# This is gonna be easier then i thought =]



## elenafan23 (Aug 16, 2009)

all 7 new cockatiels will step up without bitting or nipping they dont step up at first but they give in some of them are more stubborn then other but haven't been bit yet =] there all on a stand but one the one fem is in a cage i dont need her plucking more feathers off her mate they were on an all seed diet but thats gonna change to =] sine none of them were hand tames and the parents are at least 6 or 7 yrs old the mother birds is the most hand ablest out of them all but i was thinking they were gonna be a while before they step up =] but I guess not =]


----------



## cinnamon (Jul 16, 2009)

How is it going with the babies now?


----------



## jerry2006 (Oct 10, 2008)

How is the bald guy doing?


----------



## elenafan23 (Aug 16, 2009)

*heres the update*

Moto's head has the same amount of little feathers that did grow in but he has some flights growing in. He will step up after hes out of the cage also if i take Freckles when he's out and walk away with her he will fly to follow her.

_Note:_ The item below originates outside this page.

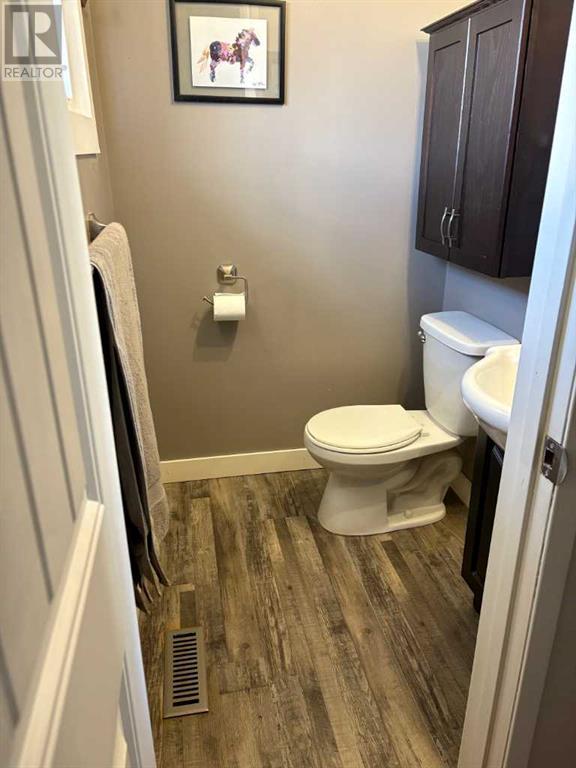 116 Queen Tamara Road Se, Calgary, Alberta  T2J 4E9 - Photo 12 - A2213363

So I guess where she goes he goes  But there still in separate cages.
Heres some pics of him
























Freckles steps up with out a problem she's also starting to get some new tail feathers in and flight feathers  She's still on the bigger side so hopefully when her flights come in more she can burn some calories.
Some Pics of her
























Cooper is handleable he likes to wolf whistle and seems he likes my Pearly 
Pics of him
















Emma Hisses a lil but she's not mean so thats good. 
Pic of her








Tyson is handleable he like to sing the most out of all them.
Some pics of him
























Echo went to live with his new owners so there no pics of him 
Melman bit me the other day i had to split him and his dad from fighting so i moved him no pics because i couldn't get a good one of him without him moving  though his head feathers aren't coming in 
thats all of them =]


----------



## Siobhan (Mar 21, 2010)

Even if Moto's head feathers never come back, he's got such a sweet face, he's adorable without them.


----------